First, let’s find the minimum speed recorded and the maximum speed recorded during the fastest laps for each race. Since fastest lap time is a character we need to change it from a character to a numeric value and lets remove any NAs.

# change NA to 0s and to numeric
dat$fastestLapSpeed <-as.numeric(
    ifelse(dat$fastestLapSpeed >= 0, dat$fastestLapSpeed, 0)
    )

Min and Max

min(dat$fastestLapSpeed)

[1] 0

max(dat$fastestLapSpeed)

[1] 255.014

range(dat$fastestLapSpeed)

[1]   0.000 255.014

Mean
- The mean is average value of all the numbers in a set.

mean(dat$fastestLapSpeed)

[1] 201.4552

Median
- The median is the middle value in a set of numbers when they are ordered from least to greatest.

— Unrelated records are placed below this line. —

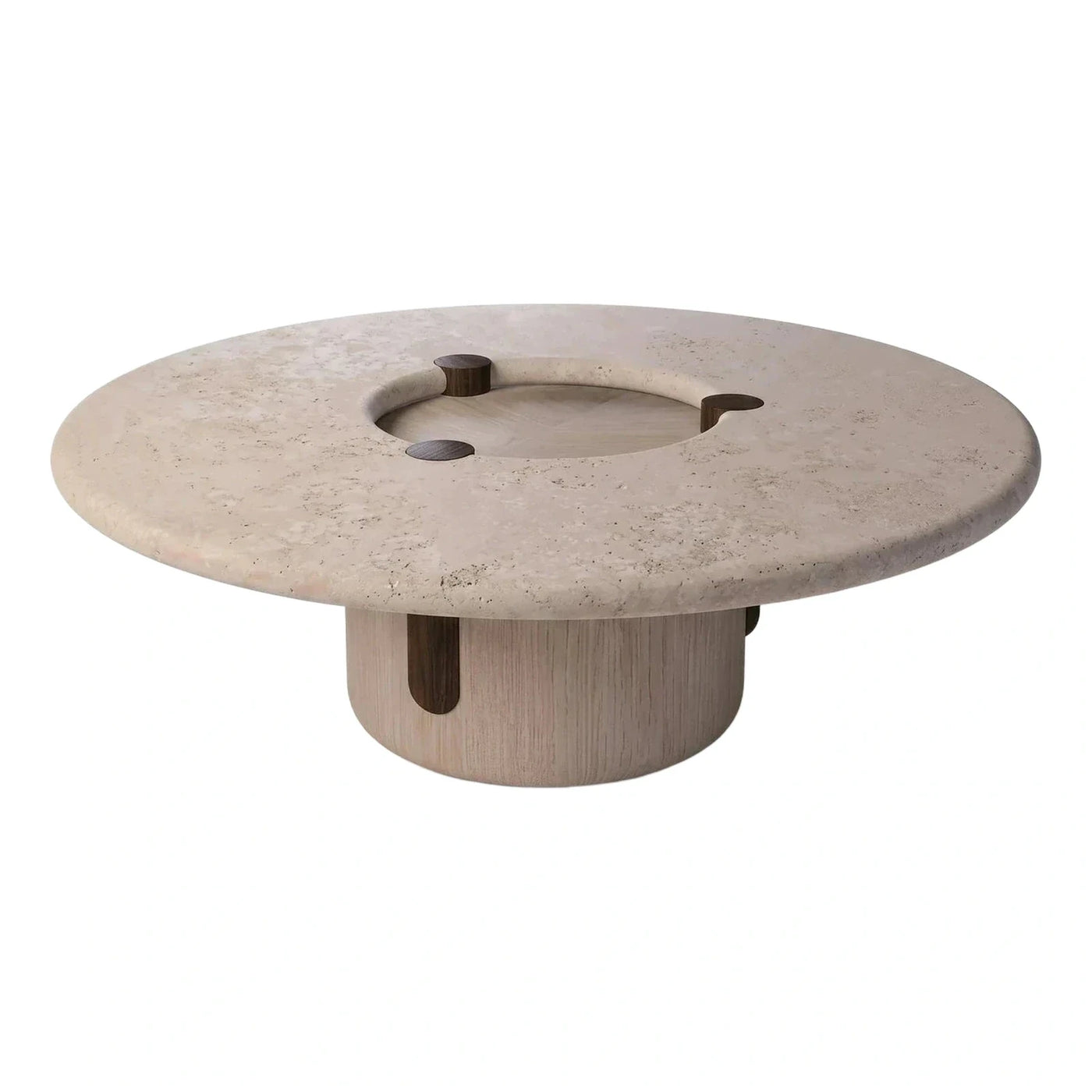 Round Travertine Coffee Table with Wood Base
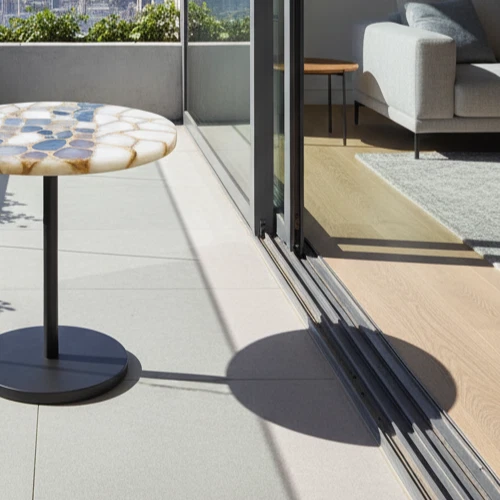 15" Round Quartz & Multicolor Agate Table – Stone Inlay Coffee Table Luxe Decors - Image 4 of 4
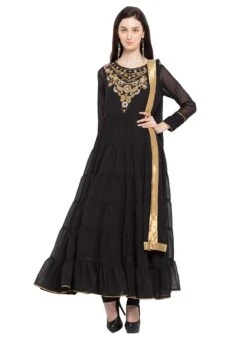 Black Georgette Ankle Length Anarkali Suit Party Wear -C Bazaar Shop black georgette ankle length anarkali suit slmnc1658 u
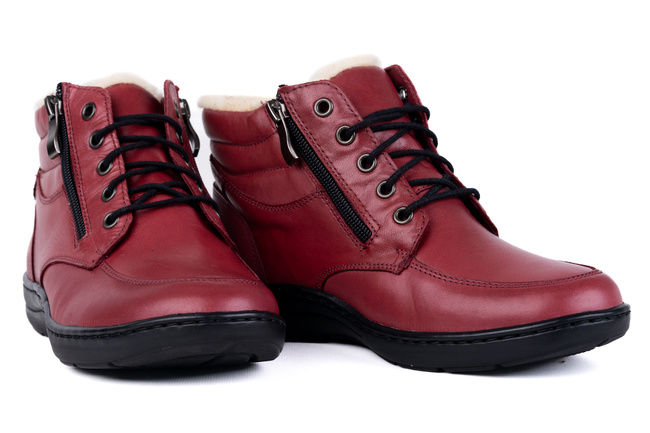 Trzewiki damskie , ocieplone naturalną owczą wełną,bordowe Łukbut 07240-3-Z-209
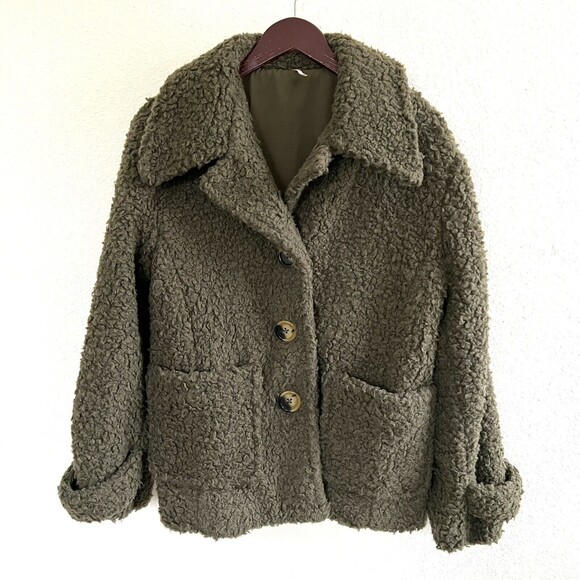 Free People Jackets & Blazers - Free People So Soft Sherling Teddy Jacket Size S Green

median(dat$fastestLapSpeed)

[1] 203.003

First and Third Quartiles
- The first quartile range is the value under which 25 percent of the data points are found when they are arranged in increasing order, and the third quartile range is where 75 percent of the data points are found when they are arranged in increasing order

quantile(dat$fastestLapSpeed, 0.25)

    25% 
191.142

quantile(dat$fastestLapSpeed, 0.75)

    75% 
214.339

IQR
- The IQR is the difference between the first and third quartile.

IQR(dat$fastestLapSpeed)

[1] 23.197

Standard Deviation and Variance
- Variance is the average squared difference between data points in a set, which measures how much the values in a set vary from each other. While Standard Deviation is the measure of how far the values in a set are from the mean

sd(dat$fastestLapSpeed)

[1] 23.22281

var(dat$fastestLapSpeed)

[1] 539.2991